Nos magiciens vont s’y prendre de la manière suivant : les trois millions prêtés au premier promoteur apparaissent en charge, mais l’immeuble a été revendu cinq millions (au lieu de deux). Bénéfice affiché : deux millions de dollars ! Mieux encore, la caisse touche tous les mois ses remboursements de prêt du second promoteur et pour cause, puisque c’est elle-même qui se les verse. Elle enregistre donc un chiffre d’affaire positif. Mais ce n’est pas fini : la caisse s’est défaussée de l’immeuble du premier promoteur qu’elle avait sur les bras sur le second promoteur, celui qui rembourse son prêt rubis sur l’ongle avec l’argent que lui a prêté la caisse. En réalité, comme c’est la caisse qui paie tout, elle se retrouve « plantée » de neuf millions de dollars. Mais on n’y voit que du feu jusqu’au baisser de rideau, pourvu que les auditeurs ne viennent pas fouiner trop avant, et surtout trop tôt, dans les comptes. Pour la petite histoire, il semble bien que la Silverado où officiait Neil Bush se soit trouvée impliquée dans diverses affaires de ce genre.
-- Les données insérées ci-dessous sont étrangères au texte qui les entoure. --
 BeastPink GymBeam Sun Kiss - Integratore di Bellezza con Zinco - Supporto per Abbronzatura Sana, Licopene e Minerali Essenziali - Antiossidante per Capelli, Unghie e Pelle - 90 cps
Cette cavalerie ou « boule de neige » plongera dans des abîmes de perplexité n’importe qui, un peu sensé et approximativement honnête : durant tout ce temps, la caisse doit servir 15% d’intérêts (taux à l’époque) à ses déposants, tandis qu’elle se contente, en fait de rentrées d’argent, de percevoir les échéances d’un prêt qu’elle paie elle-même et enfin, au terme de deux ans pendant lesquels elle se rembourse à elle-même son propre prêt, elle aura toujours sur les bras son programme immobilier invendable puisque le second promoteur aura alors, bien entendu, rejoint le premier dans la banqueroute. Le tout pour neuf millions de dollars, comme cela a déjà été dit. Mais c’est oublier que les Savings & Loan ne sont plus que des machines à sous trafiquées, cachées derrière un décor de pacotille. Prêter de l’argent pour contribuer à l’amélioration de l’habitat est devenu le cadet de leurs soucis et sûrement pas, en tous cas, le moyen par lequel elles veulent gagner de l’argent. Ce qu’elles font, c’est écumer les campagnes à la recherche de déposants attirés par des taux faramineux, en les rassurant avec la garantie des 100 000 dollars sur les dépôts donnée par le gouvernement. Et surtout elles misent à tire-larigot sur le marché des junk bonds. Là encore, il faut aller voir d’un peu plus près comment les choses se sont passées.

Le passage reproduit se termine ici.